--- Information shown ---
- Opening Delimiter -
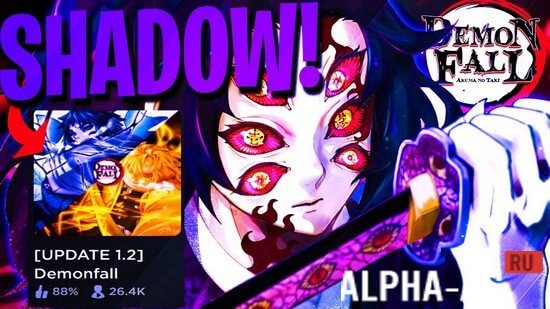 Shadow Demon Slayer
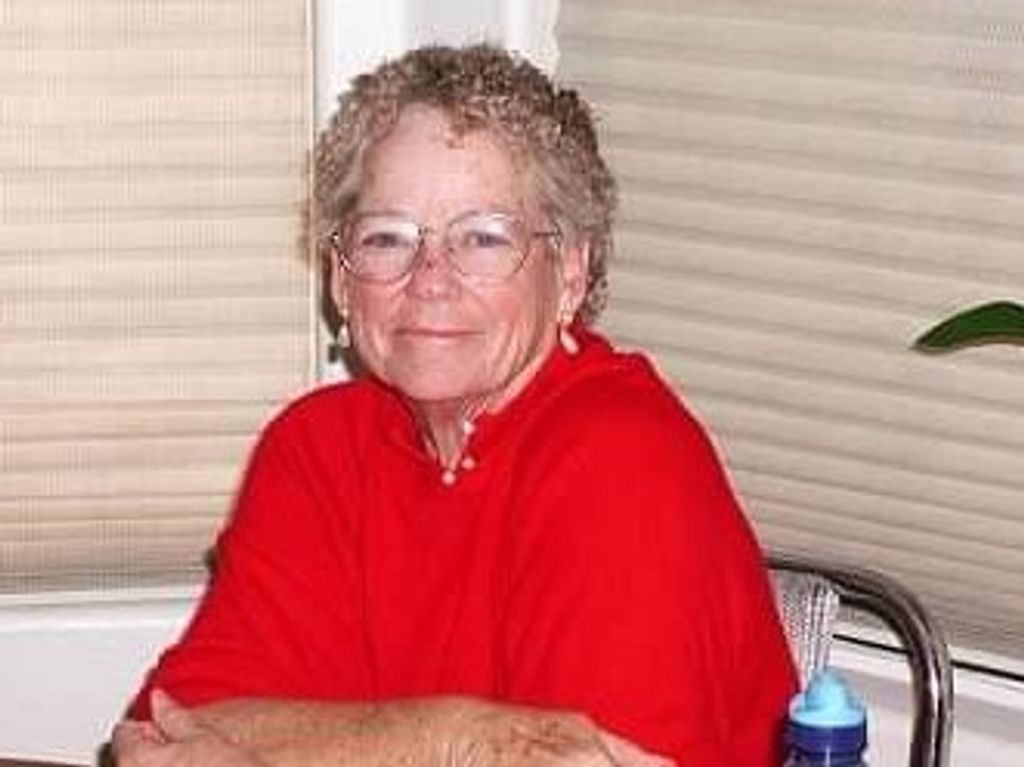 Nellie Lucy Lucas
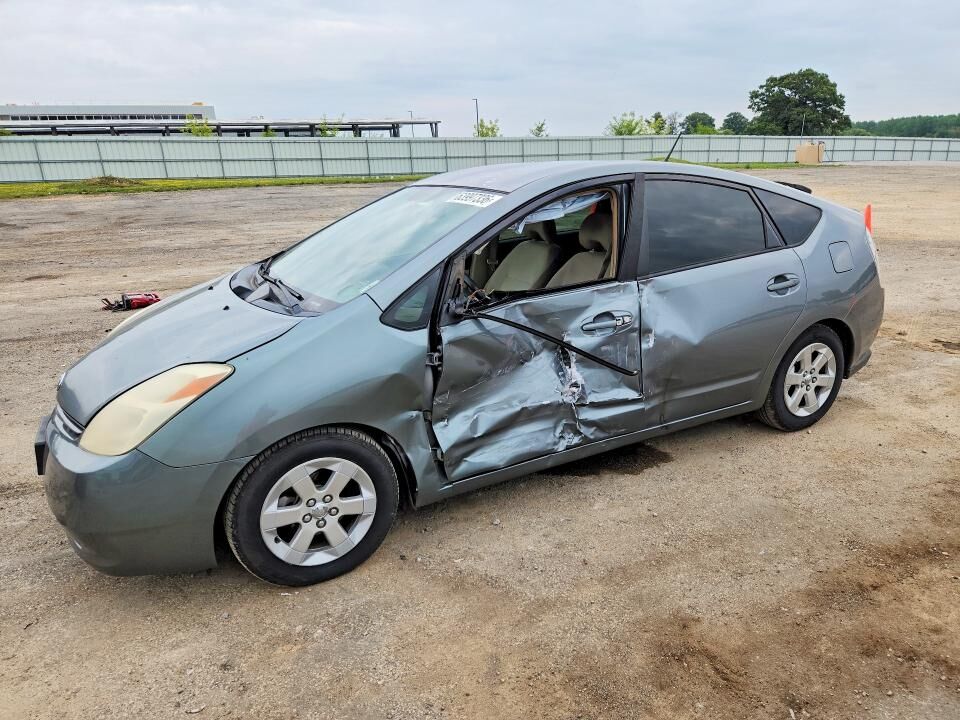 2004 TOYOTA PRIUS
- Closing Delimiter -
--- What this task involves ---
Return each line above word for word. Skip the pictures.

--- Result of this task ---
 Shadow Demon Slayer
 Nellie Lucy Lucas
 2004 TOYOTA PRIUS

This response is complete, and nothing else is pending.